The Weeknd’s song, “I Feel it Coming”, has some of the most raw lyrics…’you’ve been scared of love and what it did to you. You don’t have to run, I know what you’ve been through’…
To my subconscious, those lyrics triggered a deep wound. I had NO idea I was carrying so much pain in my body and soul.
I was listening to this song in between patients yesterday. Headphones on, I heard the most beloved and familiar song for the 1000th time. I was moved to get up and dance to the beat that I, oh, so love.
I started crying. Then sobbing. Real, cut-throat sobs. My whole body felt the grief extract from a dark space within.
Music does this to me. The frequencies channel my chakras and I sync with the beats, the voices, the instruments, the scales…then add on words and I’m hooked.
Like a drug, it takes me to another place.
This song took me to a wounding I didn’t recognize.
But I didn’t stop it. I kept going. 11AM and I was there in my living room, crying soulfully like I was getting my heart ripped open. It didn’t matter to me that I had a patient in an hour.
This was the moment I had to honor.
My son came running into the room worried that something was terribly wrong. He stood there, no judgement, watching me sob while I was singing out loud to a song he knew but couldn’t hear, since it was within my ears and I was definitely NOT in tune! I’m no Weeknd singer!
He looked at me with the tenderness of someone who really truly cares. Held so much space for me while I continued with the dancing, crying and ‘singing’.
Then I hugged him. He had to get back to class, so I had a micro-second to explain to him why his Mom just had an unprovoked avalanche of tears, mid-day. He got that the story was going to take much longer than the time he had so I gave him a brief explanation. And then told him to tell his teacher I was okay (apparently they could hear me through his headphones, too)!
I recorded this experience of mine (not the conversation with my son-the crying, moving and singing). Something inside me felt it was an important moment to capture. The surrender to my deep feelings. The healing that I am witnessing myself go through, like I’m on the outside looking in.
The recording shows my real pain.
I thought about this alot since. Why that song?
It’s the words and the tenderness of Weeknds’ voice.
Those words ring true for me and I have really never allowed myself to sit with that shitty feeling. That I have been hurt enough that love feels so far. That I’ve given myself to all relationships I’ve been in but the outcomes haven’t been what I wanted. So I run. I feel misunderstood. And I defend.
I go to that happy place that gives positive spins on everything fucked up.
That ability I have to be the optimist means I won’t sit in the dark that long. So, the pain gets patched up. And I move on. Happily and almost unknowingly.
I say almost, because my body remembers it all.
Our bodies are like safes. They hold everything. The phrase ‘the body knows’ is really true.

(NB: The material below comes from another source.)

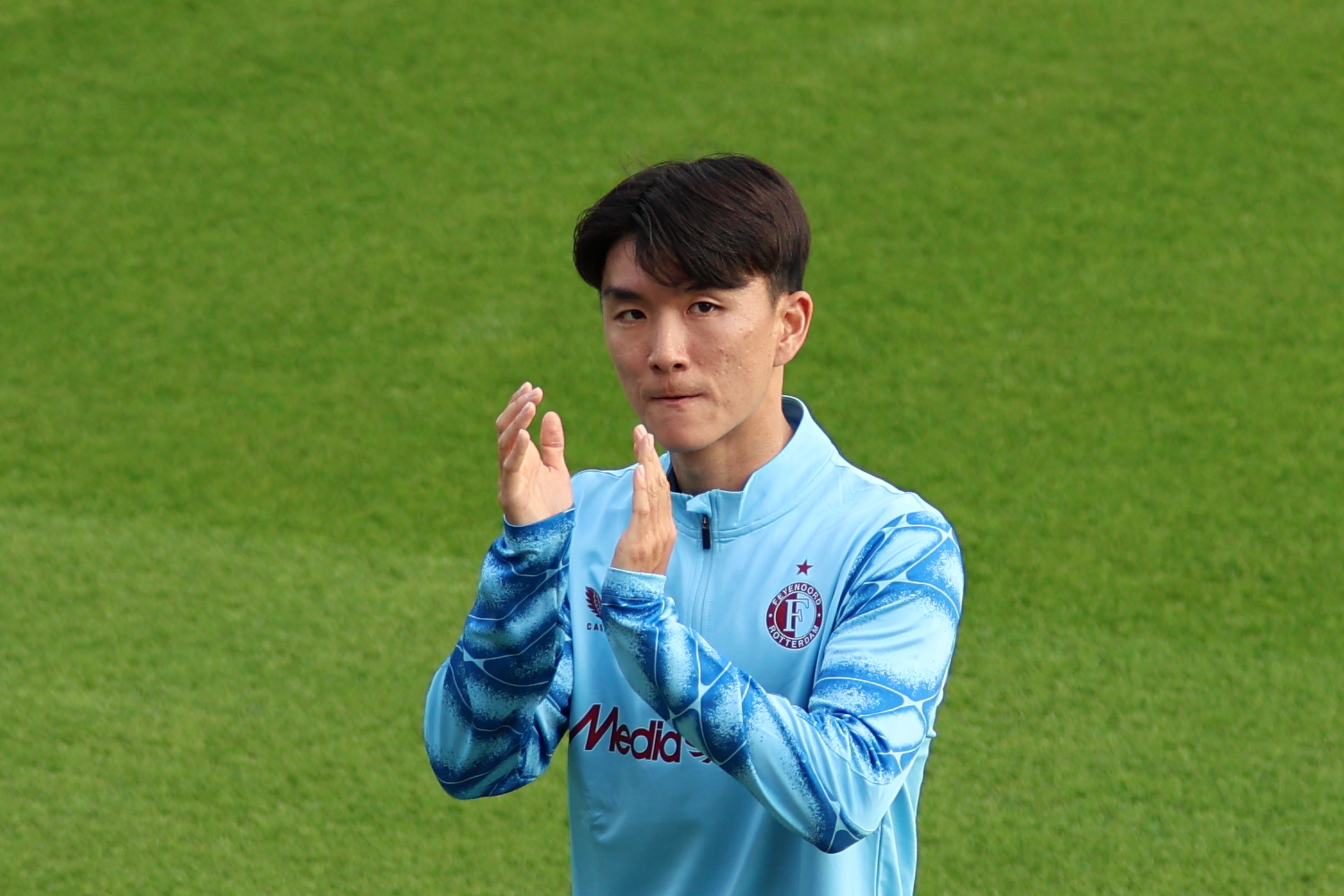 Sauer weer fit en ook Hwang dicht bij terugkeer; drietal ontbreekt nog bij Feyenoord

My movement that day allowed the energy to flow out and the subliminal messaging of that song spoke to my body, releasing this buried treasure of grief that hadn’t been seen and released…
I see that clearly now. It’s not helpful to myself to make things look pretty and say everything’s hunky and dory if it isn’t!
But the crazy thing is I really thought it was all good.
Allowing myself to hear my own messages is providing avenues for healing. Giving permission to myself to feel sad, temporarily broken, confused gives way to green grasses and rainbows after the rain of tears flow. So, from now on, only honest and raw feelings. All of what I feel…no sugar coating… and no judgement of them, either. I’ll take a chocolate covered almond but no chocolate covered emotion. This chocolate girl is all real chocolate from now on!